----- Task data -----
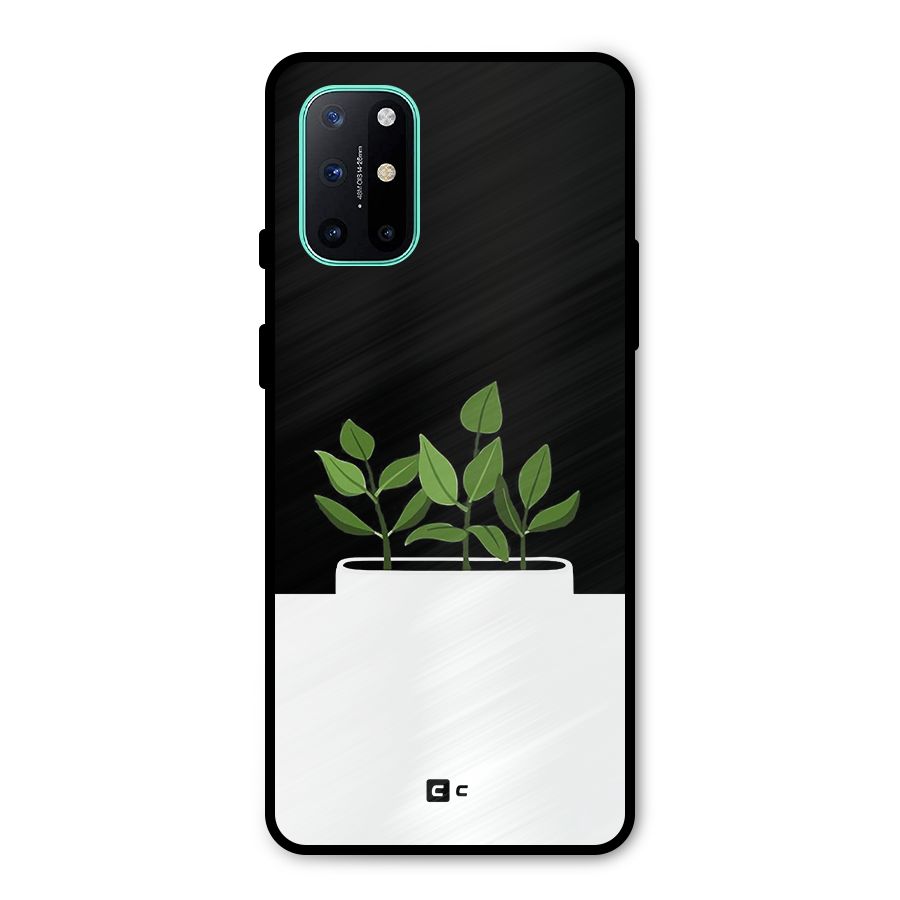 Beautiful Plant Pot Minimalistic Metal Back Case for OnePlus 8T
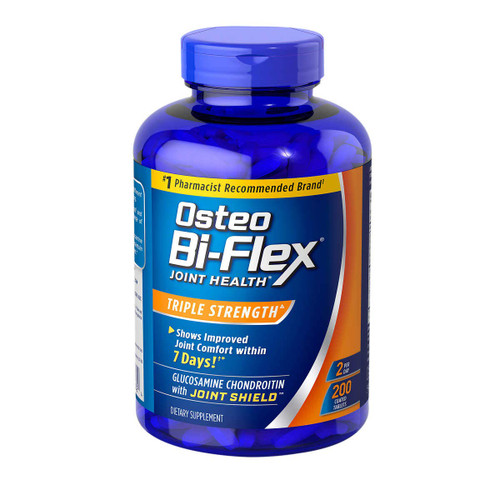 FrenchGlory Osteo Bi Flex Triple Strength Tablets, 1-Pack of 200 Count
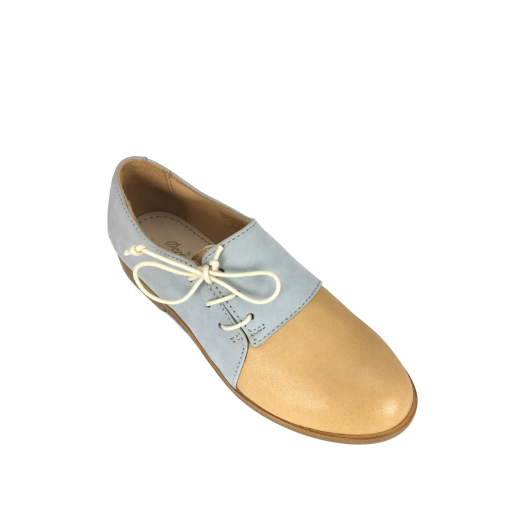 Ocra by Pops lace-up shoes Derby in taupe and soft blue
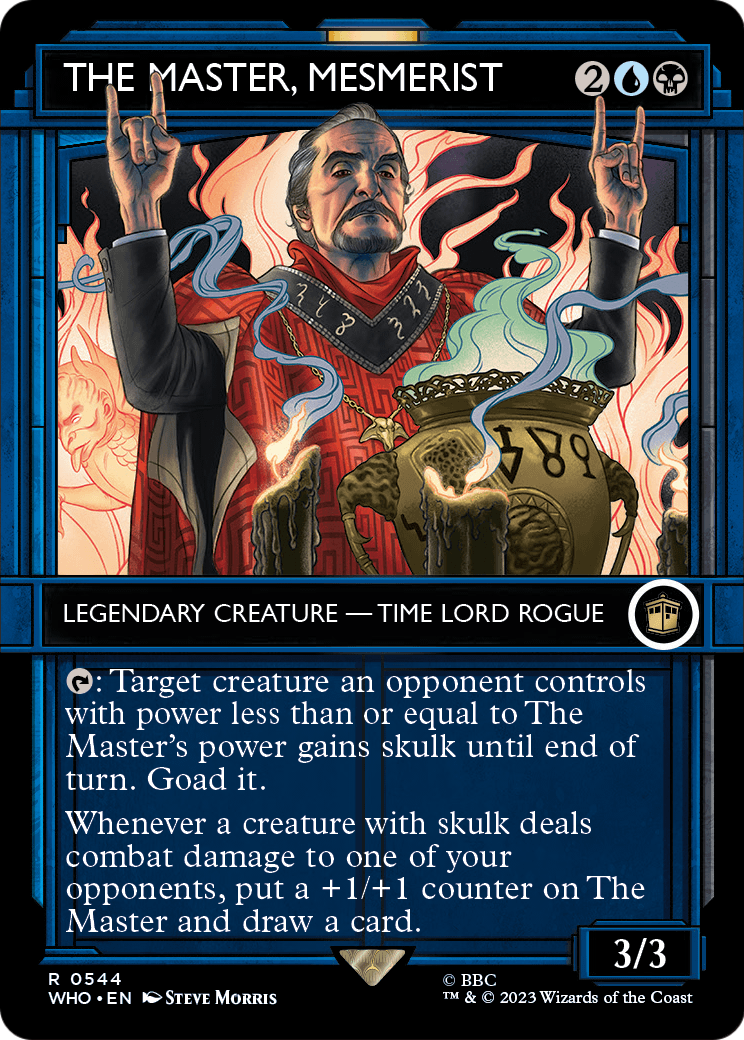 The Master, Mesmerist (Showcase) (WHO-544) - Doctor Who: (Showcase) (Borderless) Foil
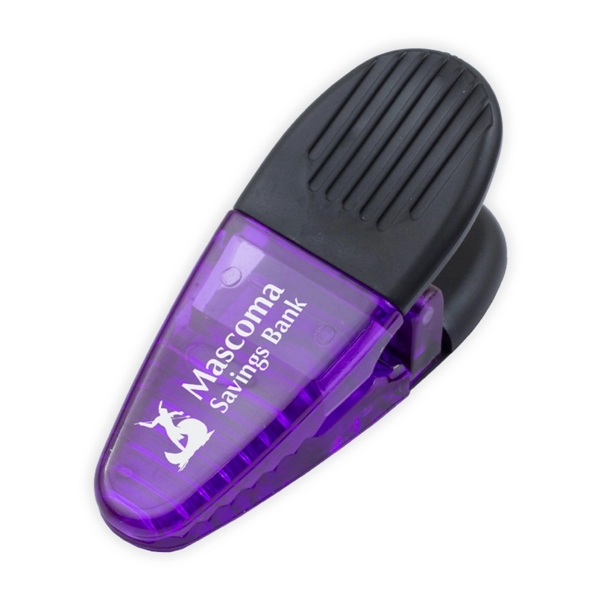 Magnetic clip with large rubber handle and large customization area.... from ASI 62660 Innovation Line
-----
▶ **What needs to be done**:
An exact reproduction of the data above is required, with every picture removed.

▶ **Your solution**:
 Beautiful Plant Pot Minimalistic Metal Back Case for OnePlus 8T
 FrenchGlory Osteo Bi Flex Triple Strength Tablets, 1-Pack of 200 Count
 Ocra by Pops lace-up shoes Derby in taupe and soft blue
 The Master, Mesmerist (Showcase) (WHO-544) - Doctor Who: (Showcase) (Borderless) Foil
 Magnetic clip with large rubber handle and large customization area.... from ASI 62660 Innovation Line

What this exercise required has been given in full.